В противоположность Ломоносову Тредиаковский отводил реальной истории служебное, подчиненное положение. Он утверждал, что чем отдаленнее эпоха, изображаемая в поэме, тем свободнее будет чувствовать себя поэт в творческом порыве, не сковывая свою фантазию… достоверностью. И поэтому для своей поэмы выбрал «времена баснословные или иронические», ориентируясь на эпопеи Гомера, которые, по мнению Тредиаковского, не были и не могли быть созданы «по горячим следам».
Выбор сюжета определила и нравственная позиция Тредиаковского, считавшего, что все события реальной истории, прежде чем стать основанием эпопеи, должны откристаллизоваться в народном сознании, получить единую нравственную оценку. А преждевременная канонизация еще не забытых реальных личностей, навязываемая эпосом оценка реальным событиям — являлась, по его мнению, неэтичной. И это, согласитесь, было не лишено оснований. Баснословность героев, их действительная легендарность, с точки зрения Тредиаковского, должна была вначале оставить неизгладимый след в народной памяти, откристаллизовавшись в общее представления о них, их роли в судьбах своего государства, народа, эпохи, т. е. получить нравственную оценку.
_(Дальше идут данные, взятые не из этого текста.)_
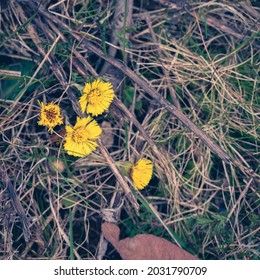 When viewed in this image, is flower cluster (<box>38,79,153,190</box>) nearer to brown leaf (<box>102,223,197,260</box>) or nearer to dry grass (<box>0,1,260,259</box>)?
dry grass (<box>0,1,260,259</box>)

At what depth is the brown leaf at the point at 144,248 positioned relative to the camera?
5.59 feet

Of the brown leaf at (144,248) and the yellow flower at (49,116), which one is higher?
the yellow flower at (49,116)

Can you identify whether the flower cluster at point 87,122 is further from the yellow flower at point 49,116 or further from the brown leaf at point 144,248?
the brown leaf at point 144,248

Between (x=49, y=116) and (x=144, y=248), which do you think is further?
(x=144, y=248)

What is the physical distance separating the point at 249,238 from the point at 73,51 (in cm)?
101

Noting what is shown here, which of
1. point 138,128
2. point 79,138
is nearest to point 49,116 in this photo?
point 79,138

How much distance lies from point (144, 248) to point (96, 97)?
2.00 feet

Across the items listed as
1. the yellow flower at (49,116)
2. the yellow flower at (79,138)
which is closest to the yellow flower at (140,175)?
the yellow flower at (79,138)

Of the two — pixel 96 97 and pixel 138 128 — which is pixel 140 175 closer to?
pixel 138 128

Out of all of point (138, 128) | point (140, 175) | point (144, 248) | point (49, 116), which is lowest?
point (144, 248)

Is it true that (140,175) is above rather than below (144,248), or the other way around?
above

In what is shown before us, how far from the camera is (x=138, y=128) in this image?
171 cm

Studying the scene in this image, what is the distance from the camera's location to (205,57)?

Однако следует заметить, что ни Тредиаковский, ни Ломоносов — не снискали большого литературного успеха, а поэма Василия Кирилловича еще и подверглась осмеянию современников. Решиться воспользоваться их опытом мог лишь человек… твердо знающий, что идеологическая ценность его произведения — перевесит литературные достоинства. Он так и говорит… будто он представляет собой ЧК от эпической поэзии. Его лирический герой олицетворяет саму диктатуру пролетариата, атакующего общественный уклад.
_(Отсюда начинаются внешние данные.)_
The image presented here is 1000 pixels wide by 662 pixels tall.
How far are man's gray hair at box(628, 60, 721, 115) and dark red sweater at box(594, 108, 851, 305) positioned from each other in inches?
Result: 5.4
Я буду писать / и про то / и про это,
но нынче / не время / любовных ляс.
Я / всю свою / звонкую силу поэта
тебе отдаю, / атакующий класс.
— По примеру Ломоносова Маяковский пользуется новыми средствами, создавая эпическое полотно афористичными рублеными фразами, отдававшими особой непререкаемой категоричностью, не допускавшей ни возражения, ни размышления, ни собственной внутренней работы читателя, — задумчиво продолжала девочка, открыв глаза после декламации. — Владимир Владимирович пользовался инструментарием очень мощного поэтического дарования… Но этот серьезный дар он использует, как… бандитский кистень, заявляя, будто приравнял перо к штыку. Хотя перо и берут в руки, чтобы штыком поменьше пользоваться.
По сути, своей поэмой он затыкает рот не только живым людям, переживавшим в это время достаточно тяжелые дни, но и всем, кто погиб в гражданской войне. А в таких войнах героев не бывает. К тому же… все еще помнили недавние события, а покушение на Ленина свидетельствовало, что его деятельность воспринималась далеко неоднозначно. Маяковский написал эту поэму сразу после смерти Ленина как раз затем, чтобы его герой не получил со временем нравственную оценку всего общества, чтобы у потомков, к которым он обращается от себя лично, — осталась именно его оценка канонизированного героя. А это… как-то неэтично, наверно.
— Он доказывает, что его герой имел некую важную миссию, — говорила девочка ровным голосом, не обращая внимания на Эвриале, начавшую беспокоиться. — Это подчеркивается изобразительными средствами. В начале поэмы отдельными эпизодами подаются народные ожидания «солнцеликого заступника». Появляющийся затем Ленин сопровождаем солнцем, которое в русском фольклоре всегда включалось в символику Христа. Но, если взять эту его ассоциацию, то хочется спросить, а в чем так уж страдал Ленин в период своей эмиграции или гражданской войны? Почему-то только другие за его миссию страдали. А Христос только сам пошел на крест, один. И он никогда не призывал ни у кого отнимать достояние силой, он говорил, что каждый может поделиться, но лишь добровольно.